In this case, the Karnataka advance rulings order no. 38 dated 22nd May 2020 pertains to classification of the goods, and it attracts Section 97(2)(a) of the CGST Act, 2017.

Bengaluru-based ID Fresh Food (India) Pvt. Limited is a food products business engaged in the preparation and supply of ready-to-cook items such as idli and dosa batter, parota and chapatis. It had approached the AAR as to whether whole wheat parota and Malabar parota (refined floor) preparations could be listed under Chapter 1905 attracting 5% GST. Ingredients used in the preparation of the Malabar parota include refined flour, RO purified water, edible vegetable oil, edible salt and vegetable fat.

According to the Karnataka bench, the parota is not protected by any other heading under the HSN scheme and must also be processed for human consumption. So, it must be charged under heading 2106 and not heading 1905, which includes foods such as cakes and pastries that are fully cooked foods and ready for consumption.

Taxation is correlated with economic activities such as disposal, development, income, benefit, etc. Laws can aim to cover actual or planned products, services, or businesses. But entrepreneurs are creators, companies are continually changing, and every single day new products and services are created and brought to market. Tax laws cannot think ahead or cover all variations in advance.

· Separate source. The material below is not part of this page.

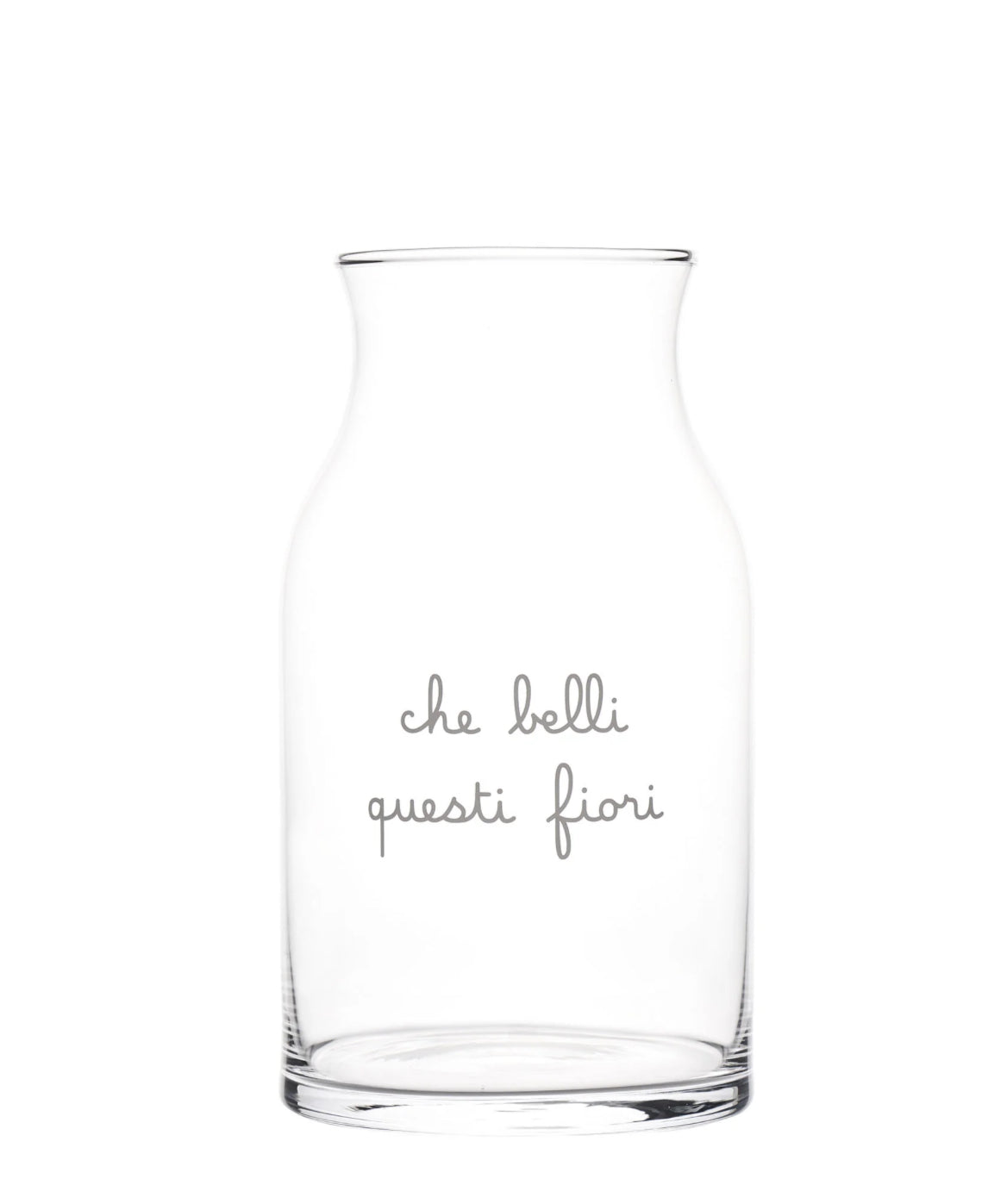 Che belli questi fiori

Ideally, when a Heading Reference is adopted, the entry in the notification providing exemption or concession should cover all goods in the Chapter Heading. Accordingly, it is a famous principle that if the definition of a particular expression is not available in the statute, it must be understood in its popular or common sense, i.e., how those who produce or deal with those goods use that expression every day.

Hence, unless the CBIC comes out with any clarification about the GST rate applicable on parotas, a taxpayer can apply GST rate as per the common trade parlance.